_YOUR INSTRUCTIONS_:
At the line that contains "https://t.co/QVcwFVNeX1", begin setting down every line word for word, and stop after the last line of the listing.

[[ EXERCISE DATA, beginning ]]

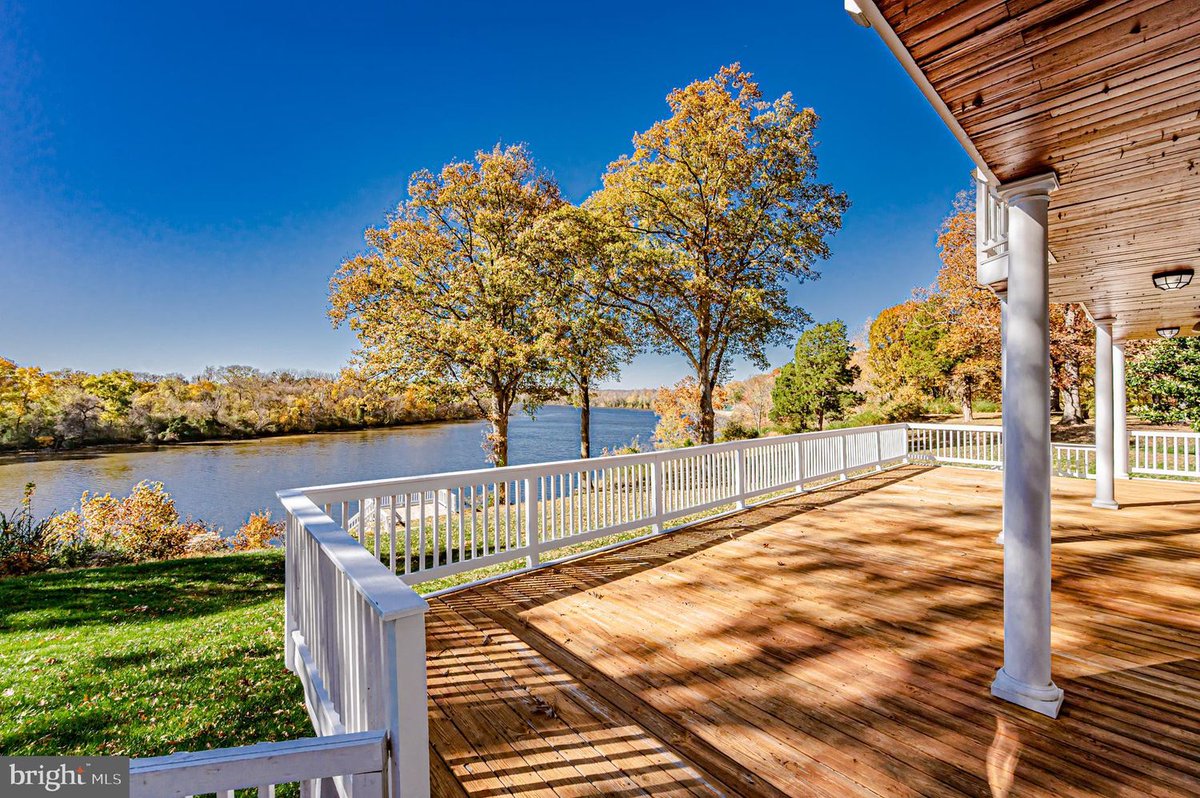 MillionDHomecom's tweet photo. Listed for $1,500,000 - 8700 OSBORNE TURNPIKE, HENRICO, VA 23231 - grand equestrian estate situated on 5 acres of immaculately manicured property. Barn w/apartment + views of the Iconic James River!
https://t.co/QVcwFVNeX1 

#luxuryrealestate #realtor #RichmondVArealestate #home https://t.co/foB7NNh0If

[[ EXERCISE DATA, end ]]

_EXERCISE RESULT_:
https://t.co/QVcwFVNeX1 

#luxuryrealestate #realtor #RichmondVArealestate #home https://t.co/foB7NNh0If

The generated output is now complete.